• [Required work]
Write every record out again exactly, and keep images out of it.

• [Entries shown]
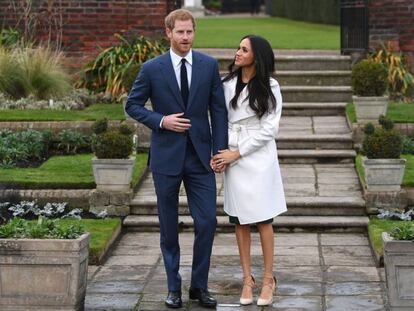 El príncipe Enrique de Inglaterra posa junto a su prometida, la actriz estadounidense Meghan Markle, tras anunciar su compromiso en el Jardín Sunken del Palacio Kensington.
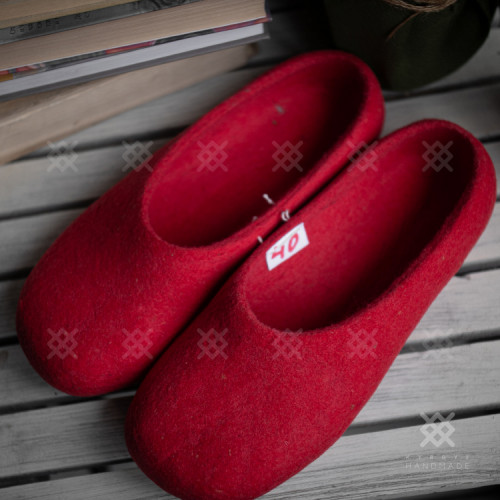 Крашенные войлочные тапочки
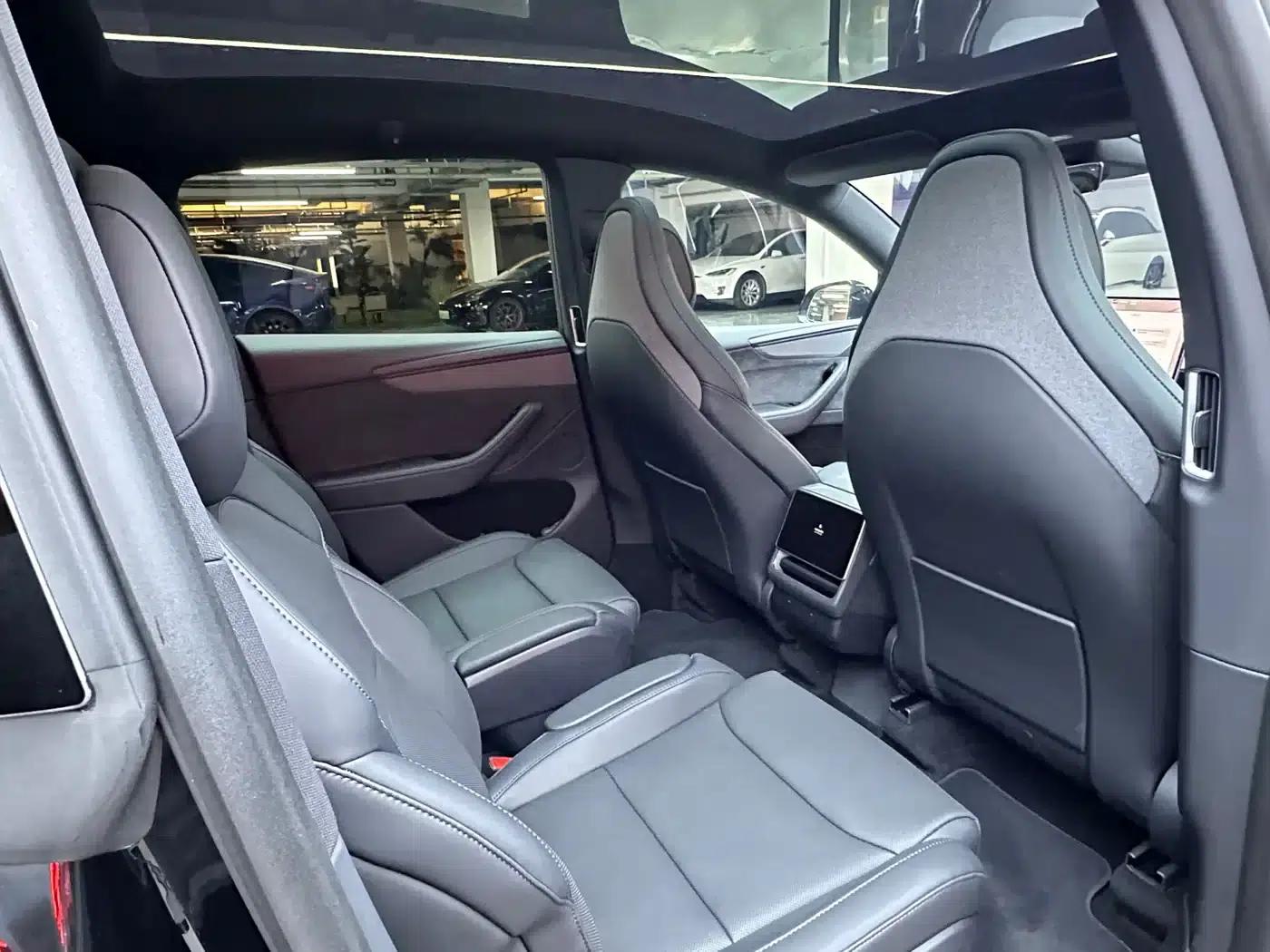 Model Y L 2025 Long Range All-Wheel Drive — миниатюра 18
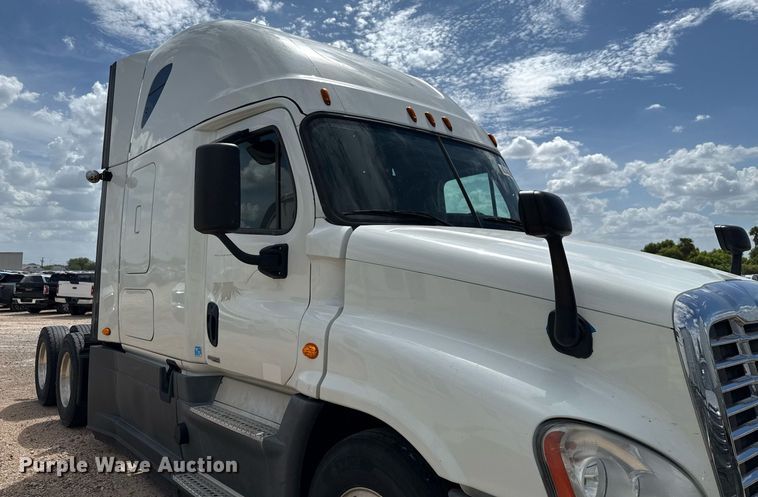 image for item YA0694 2017 Freightliner Cascadia semi truck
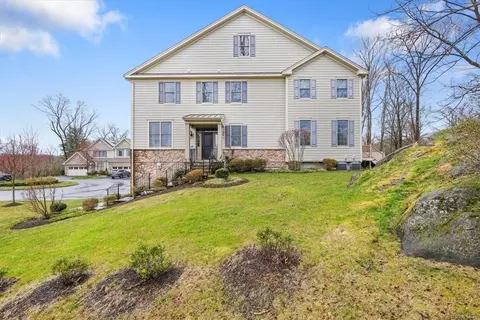 2 Hedges Ct, Cortlandt, NY 10567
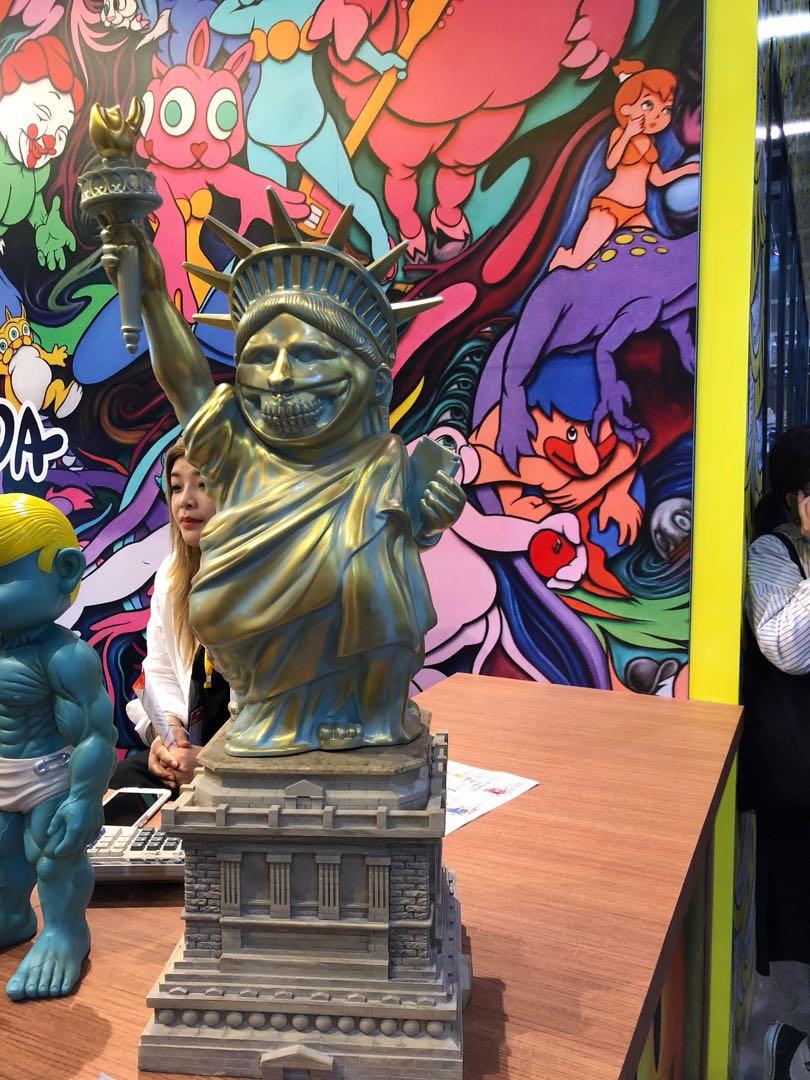 Ron English 自由女神像liberty Grin 全新連底坐 興趣及遊戲 玩具 遊戲類 Carousell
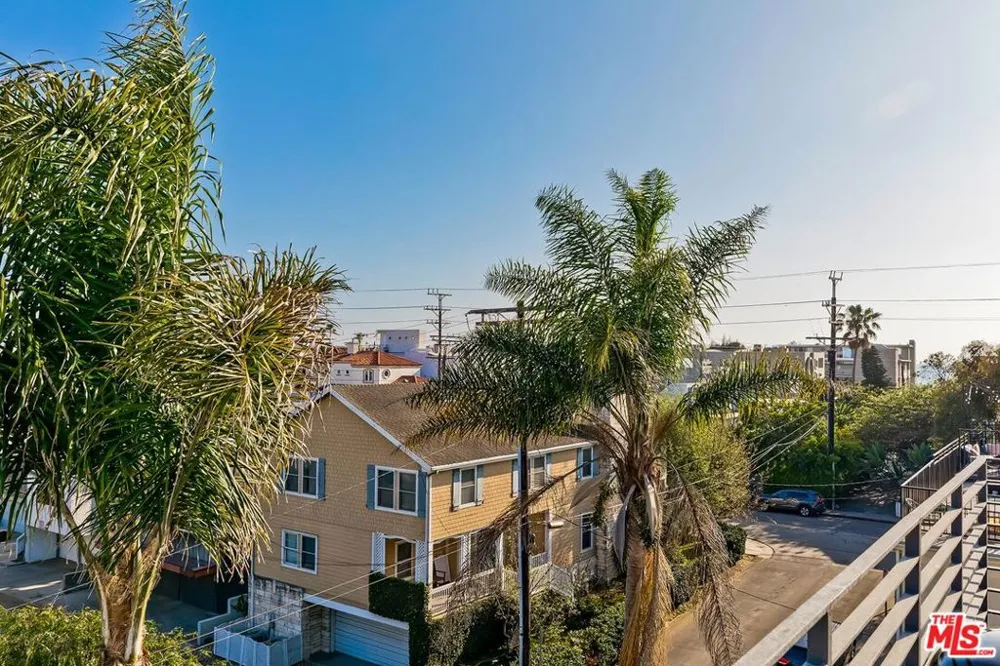 111 Eastwind Street Marina del Rey, CA 90292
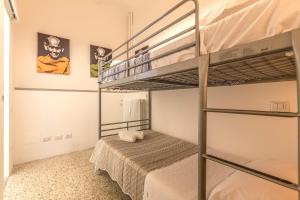 Uma ou mais camas em beliche em um quarto em Matteotti, Bologna by Short Holidays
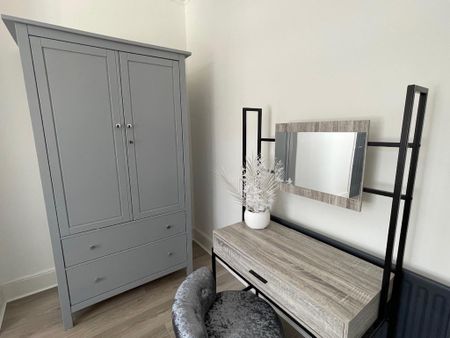 3 bedroom terraced house to rent - Photo 2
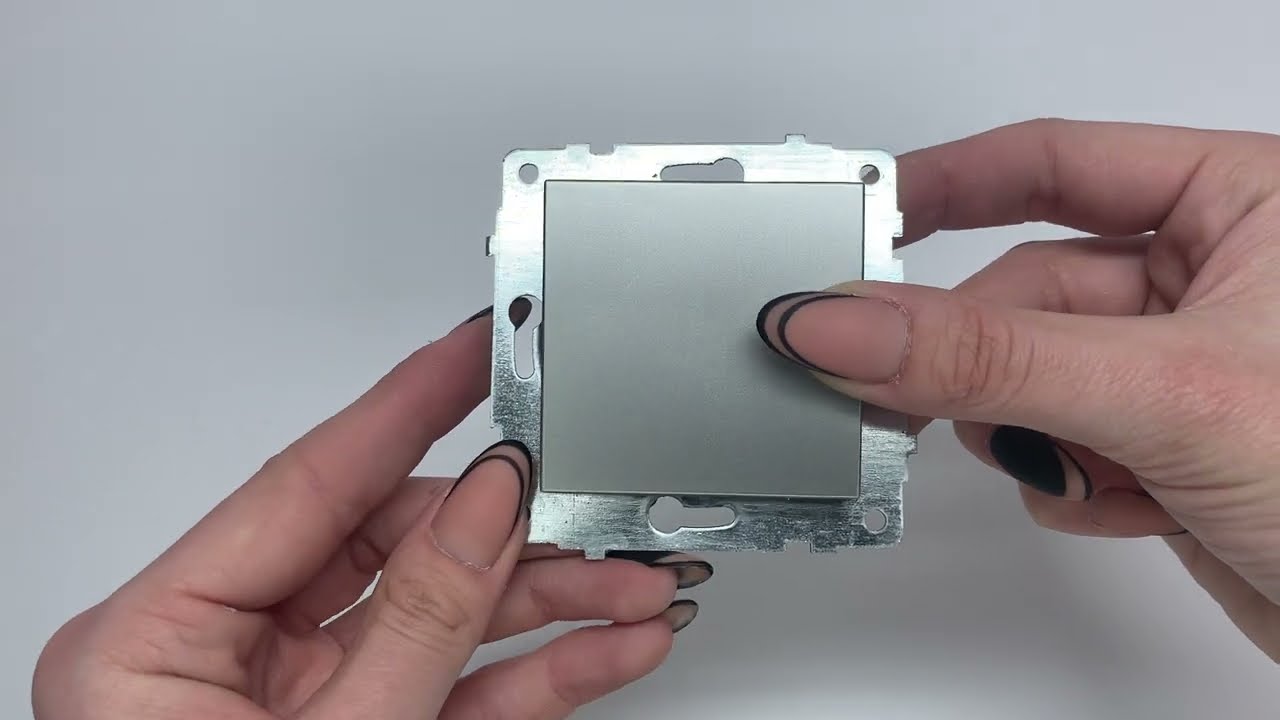 Вимикач одноклавішний OVIVO Grano срібло (600-000210-200)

• [Exercise response]
 El príncipe Enrique de Inglaterra posa junto a su prometida, la actriz estadounidense Meghan Markle, tras anunciar su compromiso en el Jardín Sunken del Palacio Kensington.
 Крашенные войлочные тапочки
 Model Y L 2025 Long Range All-Wheel Drive — миниатюра 18
 image for item YA0694 2017 Freightliner Cascadia semi truck
 2 Hedges Ct, Cortlandt, NY 10567
 Ron English 自由女神像liberty Grin 全新連底坐 興趣及遊戲 玩具 遊戲類 Carousell
 111 Eastwind Street Marina del Rey, CA 90292
 Uma ou mais camas em beliche em um quarto em Matteotti, Bologna by Short Holidays
 3 bedroom terraced house to rent - Photo 2
 Вимикач одноклавішний OVIVO Grano срібло (600-000210-200)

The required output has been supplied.